Excel BI - PowerQuery Challenge 208

excel-challenges
power-query
for each month group for which 3 years moving averages (MV) are given.
Published

March 24, 2026

Illustration for Excel BI - PowerQuery Challenge 208

Challenge Description

for each month group for which 3 years moving averages (MV) are given.

Solutions

library(tidyverse)
library(readxl)

path = "Power Query/PQ_Challenge_208.xlsx"
input = read_xlsx(path, range = "A1:C35")

find_defects <- function(input) {
  generate_integer_set_with_mean <- function(target_mean) {
    x1 <- sample(1:(2 * target_mean), 1)
    x2 <- sample(1:(2 * target_mean), 1)
    x3 <- 3 * target_mean - x1 - x2
    
    while (x3 <= 0 || x3 > 2 * target_mean) {
      x1 <- sample(1:(2 * target_mean), 1)
      x2 <- sample(1:(2 * target_mean), 1)
      x3 <- 3 * target_mean - x1 - x2
    }
    return(c(x1, x2, x3))
  }
  initial_set = generate_integer_set_with_mean(input$`3 Year MV`[which(!is.na(input$`3 Year MV`))[1]])
  res = input %>%
    mutate(defects = NA) %>%
    slice(1:3) %>%
    mutate(defects = initial_set) %>%
    bind_rows(input %>% slice(4:n()))
  for (i in 4:nrow(res) - 1) {
    res$defects[i] = 3 * res$`3 Year MV`[i + 1] - res$defects[i - 2] - res$defects[i - 1]
  }
  return(res)
}

result = input %>%
  split(.$Month) %>%
  map(find_defects) %>%
  bind_rows()

print(result)
  • Logic:

    • Builds helper columns that drive the final output

    • Applies the rule iteratively until the output is complete

  • Strengths:

    • The R solution stays close to the workbook logic and keeps the transformation compact.
  • Areas for Improvement:

    • The code assumes the workbook layout and selected ranges remain stable.
  • Gem:

    • The best part of the solution is choosing the right intermediate shape before formatting the final output.
import pandas as pd
import random

path = "PQ_Challenge_208.xlsx"
input = pd.read_excel(path, usecols="A:C")

def find_defects(input):
    def generate_integer_set_with_mean(target_mean):
        x1 = random.randint(1, 2 * target_mean)
        x2 = random.randint(1, 2 * target_mean)
        x3 = 3 * target_mean - x1 - x2
        
        while x3 <= 0 or x3 > 2 * target_mean:
            x1 = random.randint(1, 2 * target_mean)
            x2 = random.randint(1, 2 * target_mean)
            x3 = 3 * target_mean - x1 - x2
        
        return [x1, x2, x3]
    
    initial_set = generate_integer_set_with_mean(input['3 Year MV'].dropna().iloc[0])
    
    input['Defects'] = [initial_set[0], initial_set[1], initial_set[2]] + [None] * (len(input) - 3)
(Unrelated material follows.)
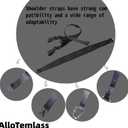 2 x Two-Point Sling | Wide Padded, Removable Swivels, Quick-Adjust Thumb Loop | Adjustable to 63"(160cm) | Durable Nylon for Outdoor Use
    for i in range(3, len(input) - 1):
        input['Defects'].iloc[i] = 3 * input['3 Year MV'].iloc[i+1] - sum(input['Defects'].iloc[i-3:i])

    return input

output = input.groupby('Month').apply(find_defects).reset_index(drop=True)

print(output)
  • Logic:

    • Reads the workbook range needed for the challenge

    • Aggregates or ranks values at the relevant grouping level

    • Applies the rule iteratively until the output is complete

  • Strengths:

    • The Python version follows the same workbook rule in a direct pandas-oriented implementation.
  • Areas for Improvement:

    • As with the R version, any workbook layout change would require small adjustments.
  • Gem:

    • The implementation stays close to the source challenge instead of adding unnecessary abstraction.

Difficulty Level

This task is easy to moderate:

  • The transformation rule is readable, but the final layout still requires a careful implementation.